We have a fix that does not block server operation anymore. In fact, it is already in Percona Server 5.1.65-14.0 release and also will be in a forthcoming Percona Server 5.5 release. Feel free to track https://bugs.launchpad.net/percona-server/+bug/686534
Laurynas
18 Sep 12 at 9:50 am
Laurynas,
Have you tried to measure how much time is spent in scanning the buffer pool (just remembering each page somewhere in memory, without IO) and how much time is spent writing the list of pages to disk?
Joe Smith
18 Sep 12 at 12:14 pm
Joe -
Unfortunately we don’t have such measurements. Due to the way the fix works, I am not sure the absolute CPU time measurement spent in the dump thread would be the best metric for the feature, as the periodic acquisition-and-release of the mutex makes it more similar to a yet another user transaction requiring buffer pool resources.
It would be interesting to do overall Percona Server performance comparison during the dump with and without the fix.
Laurynas
18 Sep 12 at 12:57 pm
When we ported this patch to our branch, we fixed this hang as well:
https://code.launchpad.net/~percona-dev/percona-server/fb_changes_auto_lru_dump/+merge/46012
Harrison Fisk
18 Sep 12 at 1:48 pm
Both implementations can block buffer pool operations for certain periods of time.
Looking at the fix for the above mentioned bug by Laurynas (https://code.launchpad.net/~gl-az/percona-server/5.1-686534-881001/+merge/119062), I’d say that “does not block server operation anymore” is wrong, too. The LRU_list_mutex is still held whilst scanning the buffer pool pages, it’s just released whilst writing to the file, and reacquired immediately afterwards. And this is done for each individual page.
I really question parts of that fix too, especially the changes on lines 117/118 – the mutex should already be held there (line 109), and the goto skips releasing the mutex (and that is not done within end either).
The approach we have taken is very different. For those that want to follow along code wise see – http://bazaar.launchpad.net/~mysql/mysql-server/5.6/view/head:/storage/innobase/buf/buf0dump.cc#L178.
Instead of scanning the whole buffer pool LRU list in one go, we scan each buffer pool *instance* individually, and only hold the buf_pool mutex whilst we are getting the space# and page# number of each page, buffering the entire buffer pool instance’s pages along the way. We then release the buf_pool mutex, and write the entire buffer of page info per buffer pool instance out to the file.
Overall this means that you may get better concurrency with larger buffer pools if you appropriately tune the innodb_buffer_pool_instances variable as well – http://dev.mysql.com/doc/refman/5.6/en/innodb-performance.html#innodb-multiple-buffer-pools – tuning this with the Percona approach would have no effect.
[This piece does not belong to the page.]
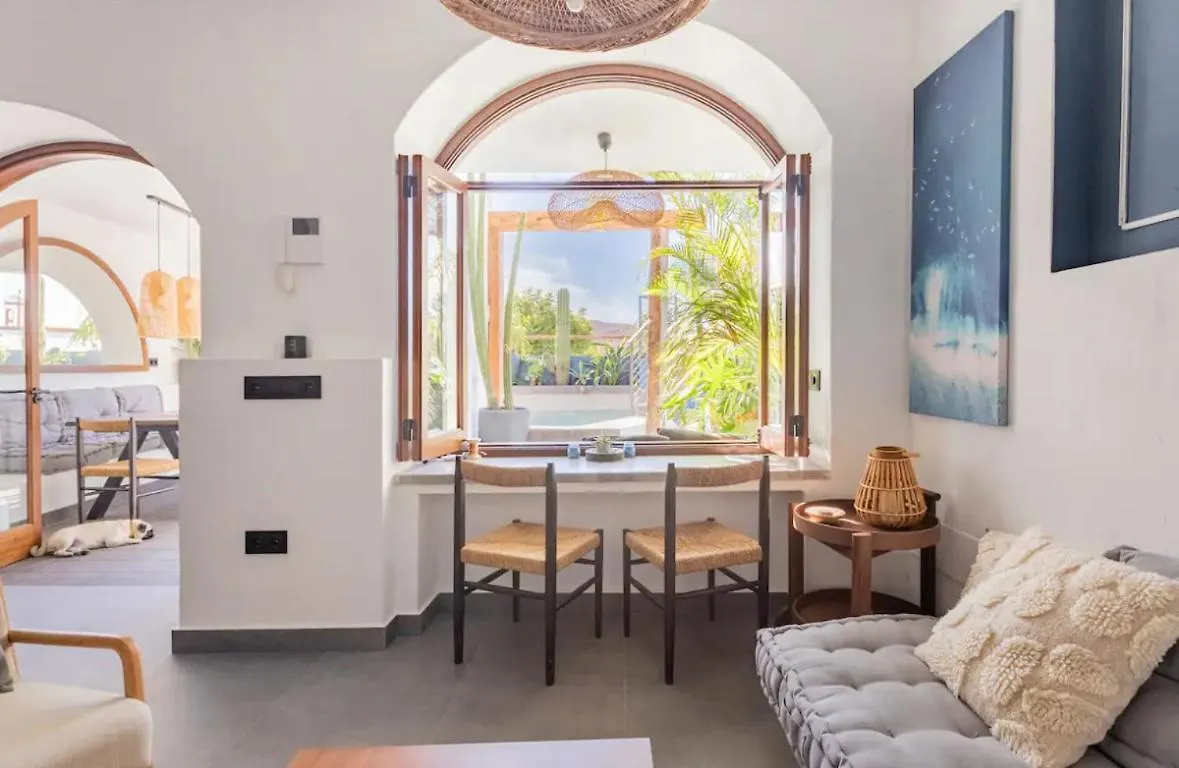 Casa Atlantica Agaete Villa Agaete  Spain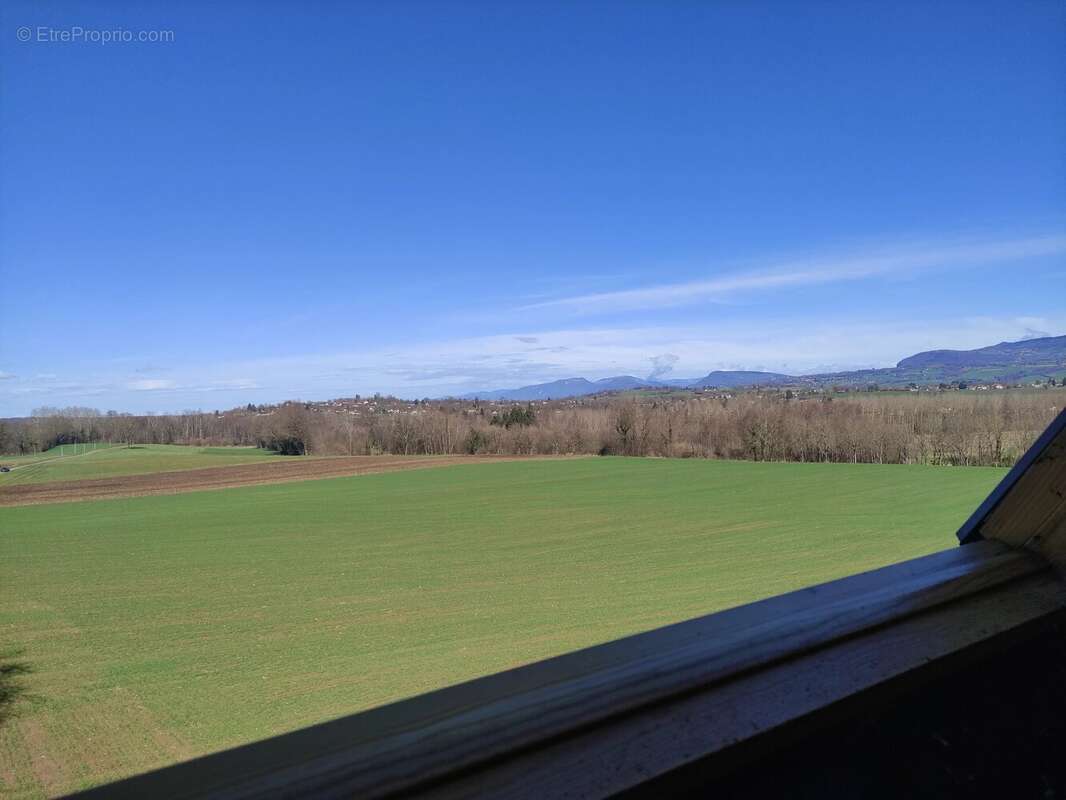 Appartement à SAINT-JEAN-D'AVELANNE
Which approach is better? Hard to say without a comparison benchmark.. The Percona approach seems like it would aqcuire/release the mutex much more often, whereas our approach acquires different mutexes depending on the buffer pool instance, yet may hold it for slightly longer periods of time whilst generating the list to write out to the file.
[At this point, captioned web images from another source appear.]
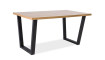 VALENTINO 120 Dining table, veneer | 100% Quality VALENTINO 120 Dining table, veneer | Tables | ZIPhome.ee image 1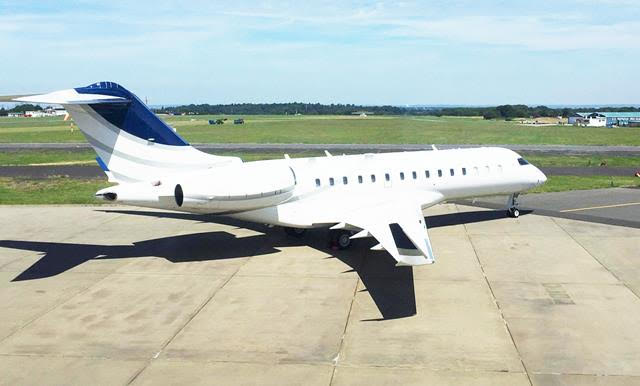 013 Global 6000 for Sale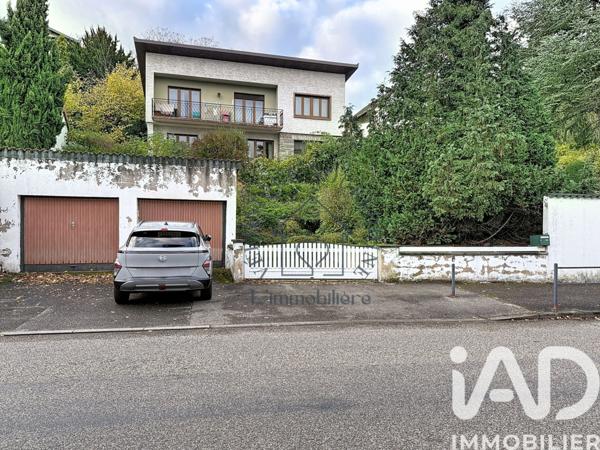 Maison à vendre 6 pièces 159 m² Saverne
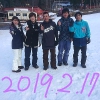 福岡東ＳＣ施工課　山本チーフ　スノーボードツアー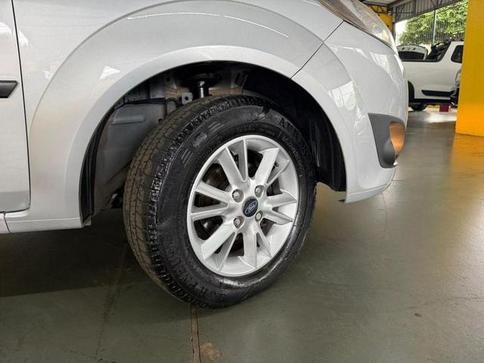 FORD FIESTA 1.6 FLEX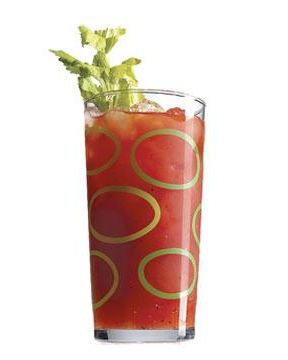 <strong>C</strong><strong>alories: </strong>140 <br />What's in it: Double vodka with tomato juice, lemon, Worcestershire Sauce and Tabasco.<br /><strong>Healthy?</strong> Double vodka isn't very LBD friendly but this does provide 30% of the recommended daily amount of vit C in one glass and the power to keep you looking svelte all Christmas. "Eat the celery - it acts as a natural diuretic so helps reduce bloating," says Kellow. (Three sticks a day count as one veg portion.)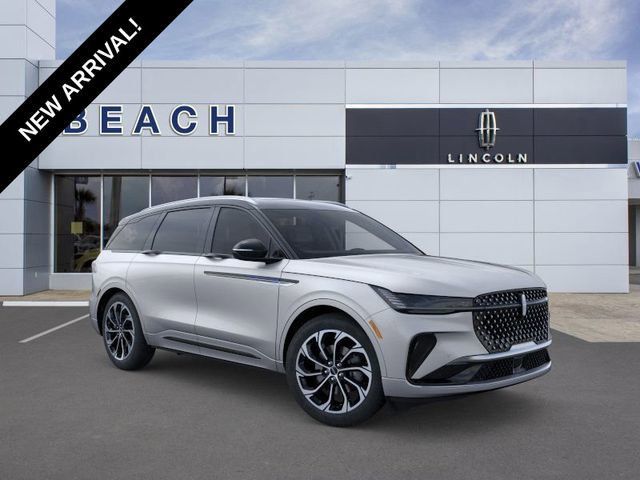 2026 Lincoln Nautilus Reserve AWD - 22999582 | Video 1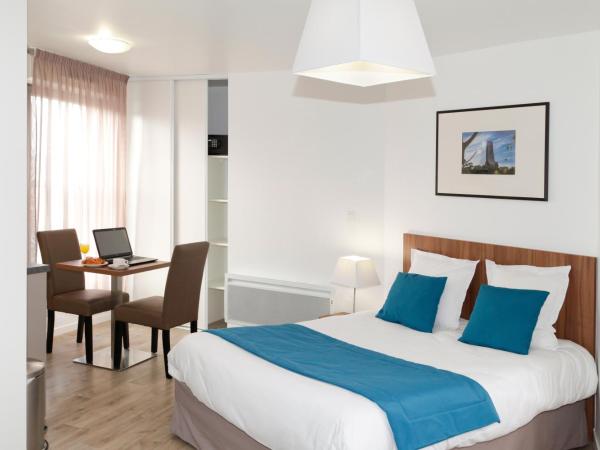 Odalys City Amiens Blamont : photo 1 de la chambre studio standard (2 adultes)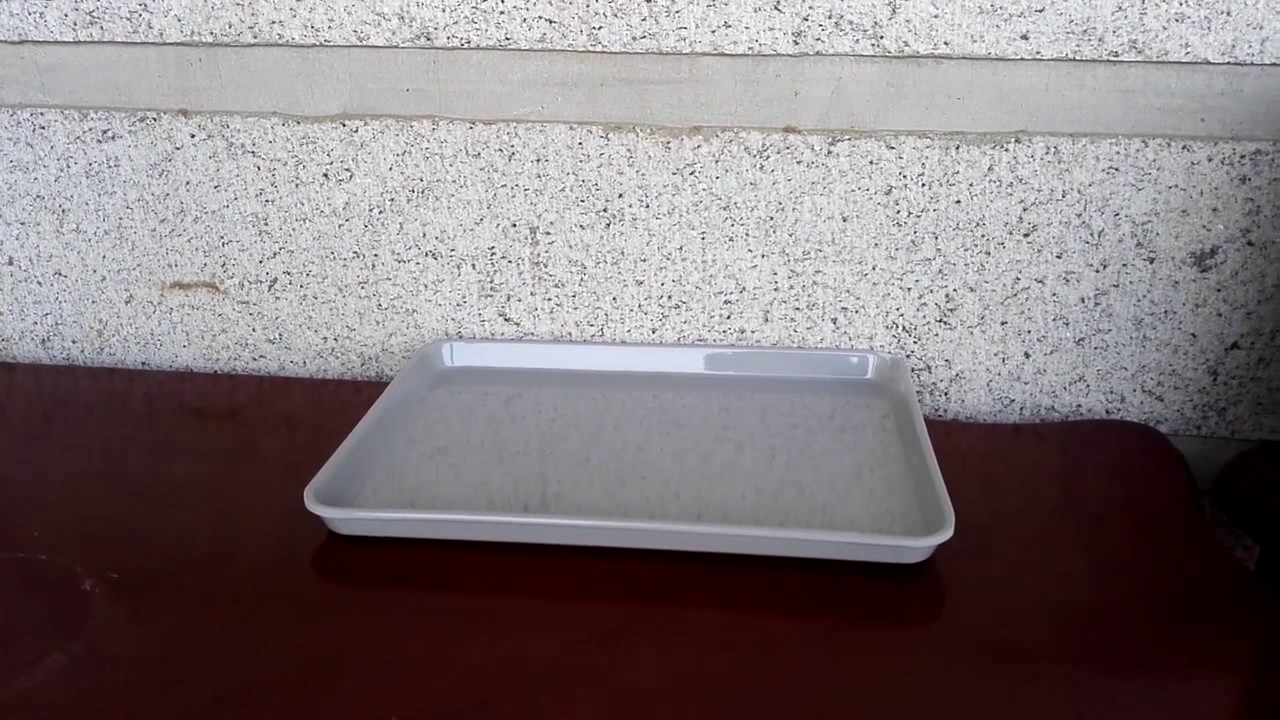 Melamine Catering Kithen Food Tray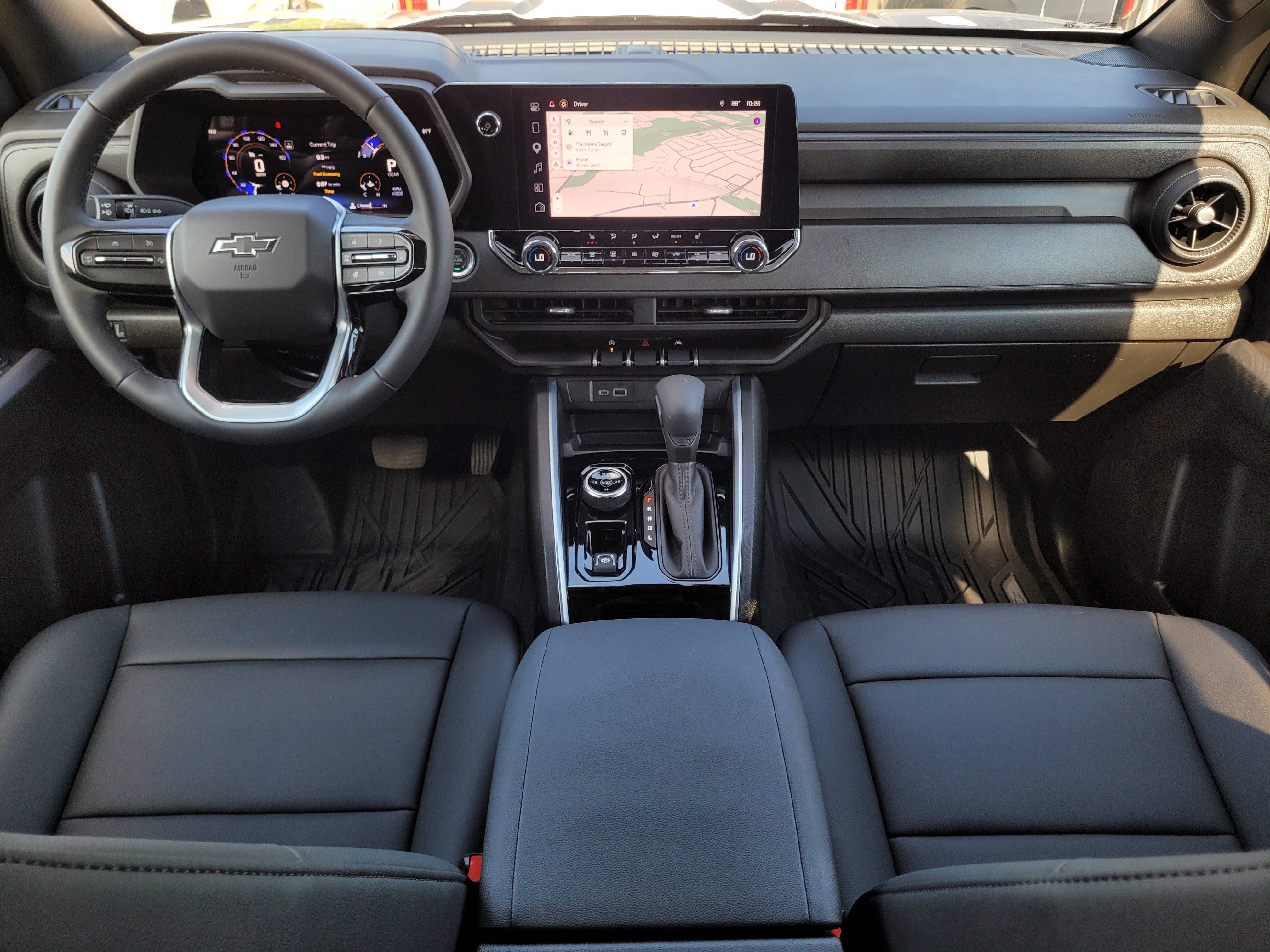 Used 2025 Chevrolet Colorado Trail Boss AWD/4WD image 13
Out of interest, why was the “dump on interval” done in the first place? Is that in case of a server crash (the only reason I can think of..)?
Mark Leith
18 Sep 12 at 2:32 pm
Yes. In case of a server crash, if the LRU dump is on a DRBD or SAN along with the data, then a cold standby can be brought up quickly. This was one of the major use cases for the feature originally. It can be done with a script or event, but DBAs would rather that a feature like this be built in so there’s one less thing to remember and monitor.
Xaprb
18 Sep 12 at 3:31 pm
Mark -
Yes, our implementation holds the mutex for every 4096KB of dump, which amounts to scanning half of million pages on the LRU list and 8GB of buffer pool dumped. We may adjust this amount up or down depending on what results we see.
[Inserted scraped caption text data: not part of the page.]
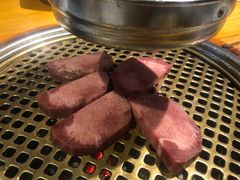 -唯成•韩国炭火烤肉 유성고기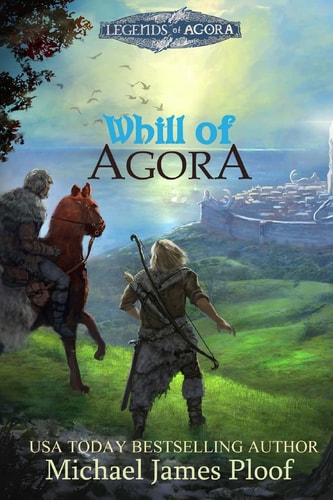 Whill of Agora 2nd Edition Legends of Agora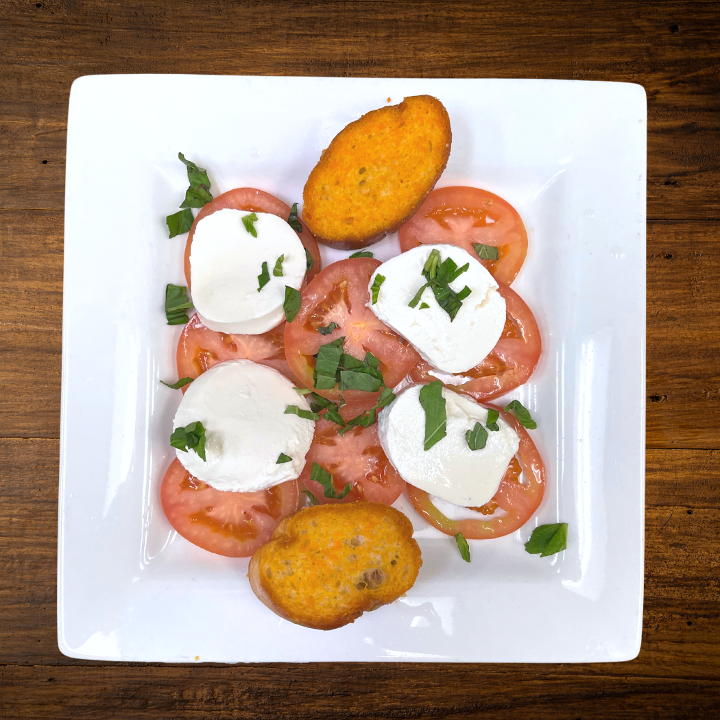 Tomato & Mozzerela Salad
Re. lines 109 and 117/118, indeed they don’t look correct, thanks. We’ll take care of this. This would only have impact in the case of I/O failure of the write.
The MySQL 5.6 implementation seems to acquire the buffer pool mutex for every buffer pool instance, save the dump info, release the mutex, write, repeat. So it seems effectively similar (modulo the different InnoDB and XtraDB mutexes…) to our fix with the difference of the mutex holding duration set to the buffer pool instance size instead of 8GB.
Tuning the number of buffer pools for Percona Server would of course do nothing for that 8GB constant, except for the instances that are sized to a non-multiple of 8GB.
Laurynas
19 Sep 12 at 2:48 am
There was in fact a slight error in our Percona Server 5.1 implementation when an I/O error occurred during write. This has been corrected and should appear in our next 5.1 release.
In our Percona Server 5.5 implementation (lp:~gl-az/percona-server/5.5-686534-881001), which should also become available soon, we implemented similar functionality but also working with multiple buffer pools. The implementation will iterate through the buffer pools, dumping each and only holding the current buffer pool mutex while populating the dump page. We also modified some of the dump page logic to allow the number of dump pages to fill for each mutex cycle to be changed at compile time. The default is one page.
The math posted above by Laurynas is slightly flawed though by an initial typo that changes the rest of the math. Each record is 8 bytes (space id, page id). Using default InnoDB page size of 16K means each dump page will hold 2048 LRU records worth of dump, not 4096KB of records.
This fix should have the effect of relieving stalls due to lengthy holding of the buffer pool mutexes at the possible expense of creating more context switching around those mutexes during dump. This can be reduced by increasing the number of dump pages filled for each mutex cycle by either changing the new #define and recompiling or by exposing that value as yet another system variable, but we will leave that for another day.
George O. Lorch III
21 Sep 12 at 1:48 pm